■ YOUR OBJECTIVE
In the listing below, print exactly the lines between the line holding "2133 - Two antique" and the line holding "Detail of cream", inclusive, and no more.
┌─ INFORMATION SUPPLIED
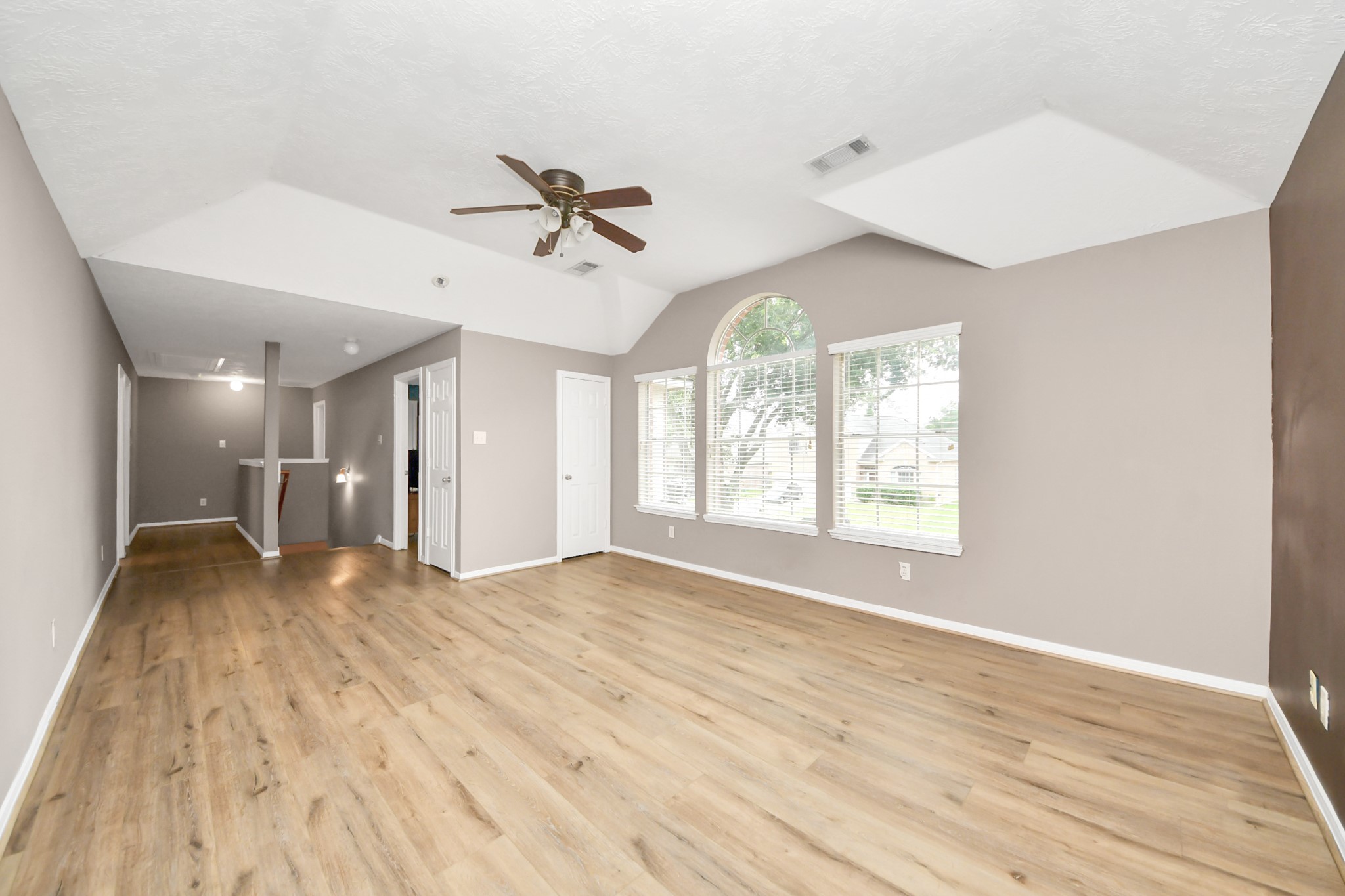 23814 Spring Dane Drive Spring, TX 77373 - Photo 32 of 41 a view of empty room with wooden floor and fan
└─
┌─ INFORMATION SUPPLIED
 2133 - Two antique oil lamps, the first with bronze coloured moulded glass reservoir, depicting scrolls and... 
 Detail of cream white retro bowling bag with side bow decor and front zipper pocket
└─
■ OUTPUT
 2133 - Two antique oil lamps, the first with bronze coloured moulded glass reservoir, depicting scrolls and... 
 Detail of cream white retro bowling bag with side bow decor and front zipper pocket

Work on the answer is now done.